Prof hefted the box, stood up. 'Tell me something. How did you know about this? How did you know these tapes even existed? How did you know where to find them?'

  'Prof ... Stephen Case touched the vein on his nose. 'You simply don't need to know.'

  He opened the door and waved an arm, as if to waft Prof and the box out of the room, but Prof stood his ground.

  'Hang on, let me get this right - this is the stuff laid down on the night of the Storey calamity. Why did Goff sit on the tapes? Lie on them, in fact. Shit, the fat bastard must've been bonking on them for bloody years.'

  'Let's go, Prof.'

  'And am I correct in thinking that while these tapes, strictly speaking, now belong to TMM, nobody there, apart from you, actually knows they exist? Talking private enterprise, are we?'

  Steve Case didn't reply. Everything inside Prof Levin screamed, leave this alone, but he was curious, now.

  'OK. I'll talk to a man I know.'

  'Super.' Steve said. 'And I'll talk to a man I know in connection with the reclusive Tom. Who won't even talk on the phone, did you know that?'

  Going down the stairs, the box in his arms. Prof said, 'You got any idea why Max Goff should keep this under his bed?'

  They moved around the picture of John Lennon, who was standing in a doorway, looking sardonic. He was the least spooky; the other dead rock stars loomed out at you like

  dummies in a ghost train.

  Prof said, 'Suppose they don't want this stuff released. Suppose it's too painful. Storey, I'm thinking about.'

  Footsteps clack-clacking on the stairs of the deserted building, the torchbeam waving. Tutankhamen's tomb; the pillaging of grave goods.

  'Too bad,' Steve said coldly.

  In Prof's arms, the box felt like the coffin of a child.

  III

  The Hideous Bonnet

  Someone was approaching.

  She arose to look out of the window. No one in sight.

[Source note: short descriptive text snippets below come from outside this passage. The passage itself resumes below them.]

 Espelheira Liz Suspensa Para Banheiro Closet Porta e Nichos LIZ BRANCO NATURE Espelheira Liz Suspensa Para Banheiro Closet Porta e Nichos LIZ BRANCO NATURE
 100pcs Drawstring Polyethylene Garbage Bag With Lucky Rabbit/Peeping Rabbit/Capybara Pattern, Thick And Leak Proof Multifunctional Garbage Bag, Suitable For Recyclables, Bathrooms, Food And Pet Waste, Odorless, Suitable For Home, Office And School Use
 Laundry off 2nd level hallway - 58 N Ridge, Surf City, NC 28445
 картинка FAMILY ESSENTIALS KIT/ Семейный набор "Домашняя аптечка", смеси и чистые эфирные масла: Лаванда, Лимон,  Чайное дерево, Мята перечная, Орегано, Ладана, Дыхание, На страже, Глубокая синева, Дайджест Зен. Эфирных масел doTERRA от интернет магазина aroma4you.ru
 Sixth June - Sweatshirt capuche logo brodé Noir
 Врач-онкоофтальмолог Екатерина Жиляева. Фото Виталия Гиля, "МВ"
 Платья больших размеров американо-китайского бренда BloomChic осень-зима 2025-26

  No one among the flaking autumn trees which lined the track. The three other houses between her and the shore were holiday homes, empty now until the spring, when she'd be gone.

  She listened, and heard only the sound of November on the Isle of Skye: scrabbling wind and seabirds.

  But someone was approaching, and with an awful heavy burden.

  She sat down again on the couch, pulling the guitar on to her knees. She plucked three harsh chords . . I do not... need ...this.

  She stood up, flung the guitar on the couch. It rolled on to the floor, kind of bounced, the way Ovations did, durable instruments. Maybe she should write some more songs. Write it all out of her.

  Dangerously restless, she ran up the uncarpeted stairs, to the smallest bedroom, an untidy cell, where she slumped down angrily at the dresser, sleeves rolled up and roughened elbows in the mess of hairbrushes and make-up, aspirins and chewing-gum wrappers.

  She gazed into the mirror - oval, like her face - and with the fingers of both hands she pushed the heavy hair back from the cold, white skin. Her hands could no longer smooth out the frown fluting her forehead; the frown lived here now.

  And it would soon be December again.

  In the mirror, as her hair fell back into place, she saw the silver-grey ripple re-emerging in what once had been a torrent of black. By the end of the year it maybe would reach her shoulders again.

  Return of the Witchy Woman.

  .Malcolm, her agent, used to call her this. She didn't like it any more. What she should do was discard all her ankle-length black dresses and her drab cloaks and replace them with - dear God - bright fluffy things in soft pastel shades or crisp, efficient blouses and suits, as worn by female executives.

  Moira laughed.

  And then stopped, biting her lip. Hold on there, hen, that was no' a bitter laugh, was it?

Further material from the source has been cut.